Les autorités chinoises ont corrélé les questions religieuses aux performances des gouvernements locaux en place, ce qui a eu pour effet d’intensifier les persécutions religieuses.
Xin Lu
En attribuant à des lieux le titre élogieux de « ville civilisée » ou de « village civilisé », le gouvernement chinois essaie d’instaurer un modèle sociétal idéalisé. Dans cette optique, le développement économique de ces lieux et la construction d’une « civilisation spirituelle » font partie des critères de sélection, mais les normes spécifiques varient d’un endroit à l’autre. Si un lieu est désigné comme « civilisé », il obtiendra de la reconnaissance et des gratifications financières.
Toutefois, la présence d’une activité religieuse est mal vue, et pour recevoir l’assentiment du gouvernement, son approbation et son soutien financier, les communautés sont contraintes de se défaire de leurs lieux de culte. Voilà encore un autre moyen pour le régime d’éradiquer la religion.

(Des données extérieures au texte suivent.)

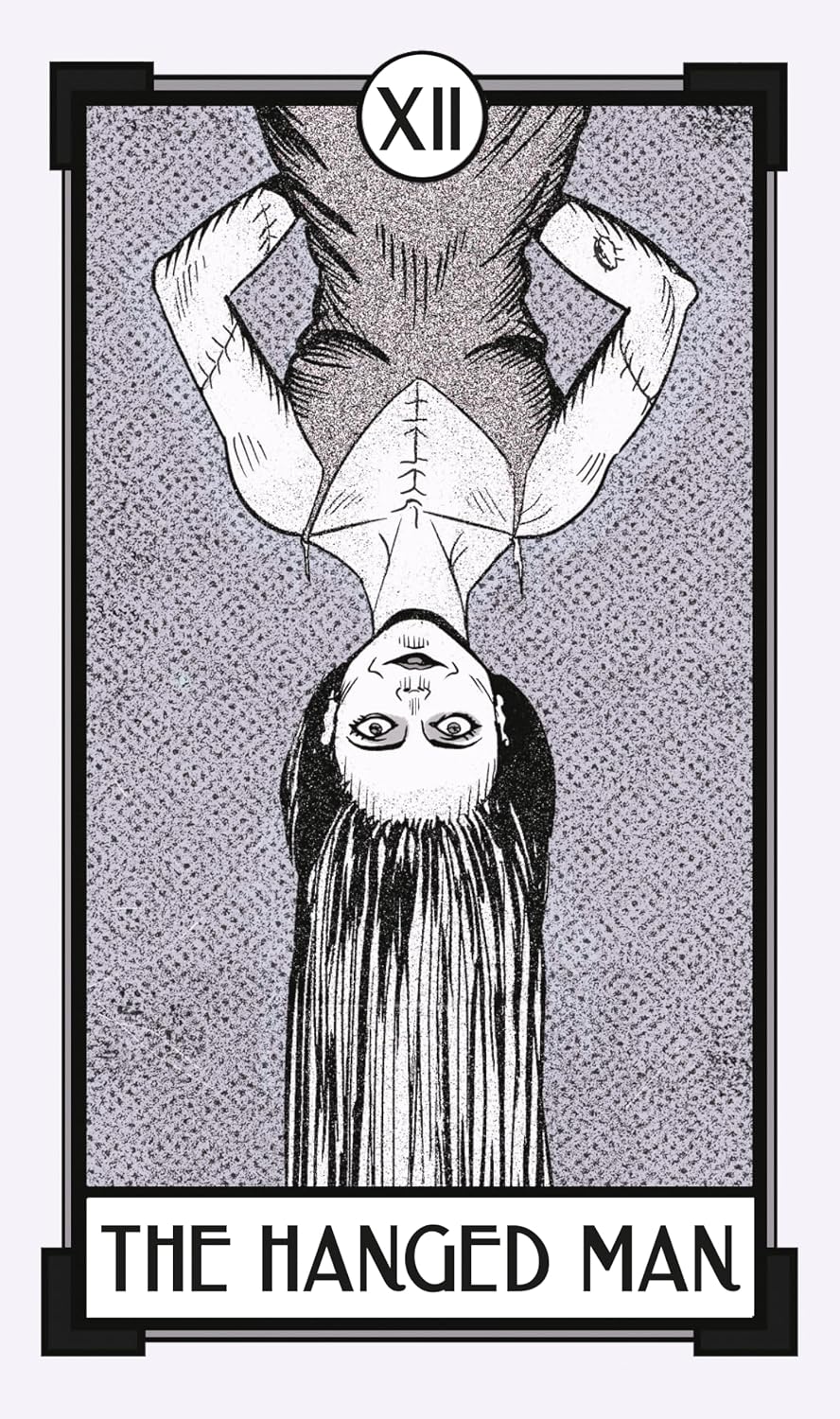 Tarot card 'The Hanged Man' with a black and white illustration of a person hanging upside down.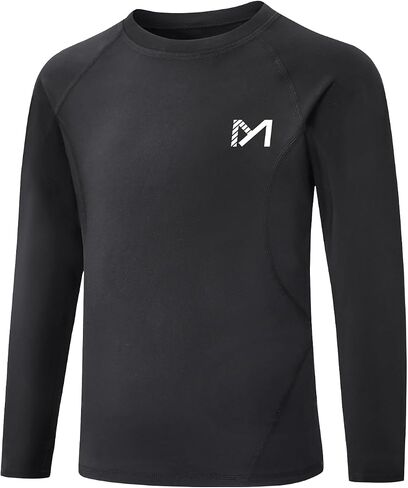 Youth Boys Compression Thermal Shirt Long Sleeve Fleece Base Layer Undershirt for Football Baseball Soccer Basketball in Kuwait
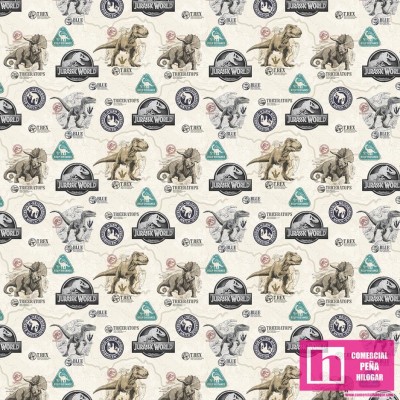 62762 TEJIDO ESTAMPADO JURASSIC WORLD DINO (03) 1.50 M.  ALGODON 100%. 180 HILOS. BEIG Venta en piezas de 10.00 M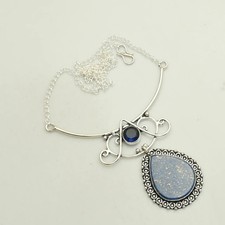 Lapis Lazuli Tanzanite Gemstone Ethnic Handmade Necklace Jewelry 18 Gms AN 27963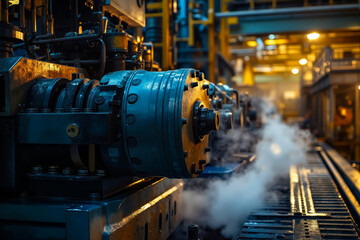 A machine that is sitting on a conveyor belt in a factory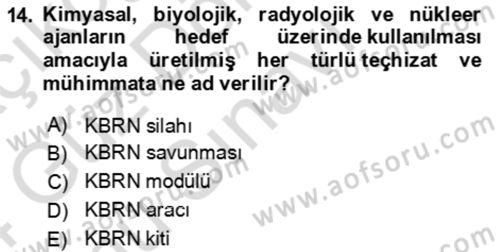 Kbrn Savunma Ve Güvenlik Dersi 2023 - 2024 Yılı (Final) Dönem Sonu Sınav Soruları 14. Soru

Le 28 novembre 2018, le gouvernement du village de Dingzhai, placé sous la juridiction de la ville de Xinxiang dans la province du Henan au centre de la Chine, a démoli un temple bouddhiste. Selon les résidents, le secrétaire du Parti du village leur a dit que puisque Dingzhai avait été choisi pour recevoir le titre de « village civilisé », l’État accorderait une récompense d’un million de RMB (environ 133 000 €), mais ce ne sera pas le cas si le temple n’est pas démoli.
« Il ne peut pas y avoir de temple dans un village civilisé », a lancé un fonctionnaire du gouvernement local.
« Le village ne peut pas se développer sans ces fonds. En outre, nous autres fidèles craignons que les autres villageois nous le reprochent si le village n’obtient pas cette récompense à cause de la présence du temple, si bien que nous n’avons eu d’autre choix que de consentir à sa démolition », a déclaré un fidèle bouddhiste.
Auparavant, en septembre, la croix d’une Église des Trois-Autonomies du village de Huangzhuang dans le comté de Qingfeng placé sous la juridiction de la ville de Puyang au Henan a été retirée. Les agents du gouvernement ont affirmé que les croix devaient être démantelées afin de créer un « comté civilisé ».
Les villageois témoins de cette scène ont dénoncé cette situation. L’un d’entre eux a déclaré : « Le gouvernement se sert du retrait des croix comme d’un indicateur en vue de la création d’un comté civilisé ; ils n’exercent pas du tout les fonctions qui leur sont dévolues. Au lieu d’accorder une telle attention à cette question, ils devraient s’attacher à rendre la vie des gens meilleure. »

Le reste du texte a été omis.